### Record set
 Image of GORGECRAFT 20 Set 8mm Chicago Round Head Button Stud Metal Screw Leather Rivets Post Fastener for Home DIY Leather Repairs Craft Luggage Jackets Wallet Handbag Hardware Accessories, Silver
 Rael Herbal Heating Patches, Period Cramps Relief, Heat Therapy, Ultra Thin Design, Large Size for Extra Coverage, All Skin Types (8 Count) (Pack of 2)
...
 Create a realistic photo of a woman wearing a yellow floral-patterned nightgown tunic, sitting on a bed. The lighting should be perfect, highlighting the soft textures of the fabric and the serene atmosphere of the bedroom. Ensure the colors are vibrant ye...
==
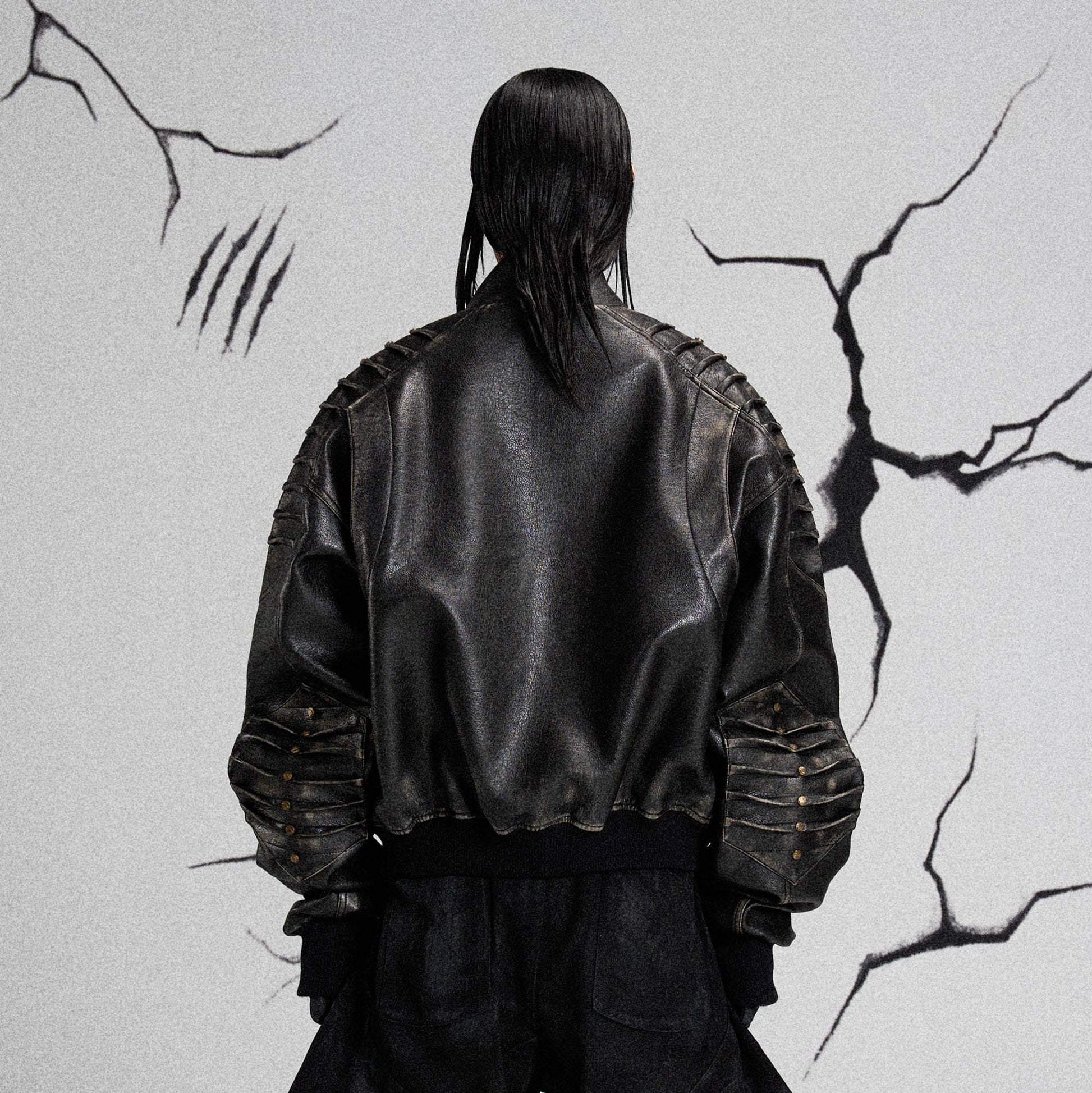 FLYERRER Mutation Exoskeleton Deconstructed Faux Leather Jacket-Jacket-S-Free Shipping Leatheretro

### The task
In the listing above, find the line with "Image of GORGECRAFT" and the line with "Rael Herbal Heating", then reproduce both and every line between them exactly.

### Response
 Image of GORGECRAFT 20 Set 8mm Chicago Round Head Button Stud Metal Screw Leather Rivets Post Fastener for Home DIY Leather Repairs Craft Luggage Jackets Wallet Handbag Hardware Accessories, Silver
 Rael Herbal Heating Patches, Period Cramps Relief, Heat Therapy, Ultra Thin Design, Large Size for Extra Coverage, All Skin Types (8 Count) (Pack of 2)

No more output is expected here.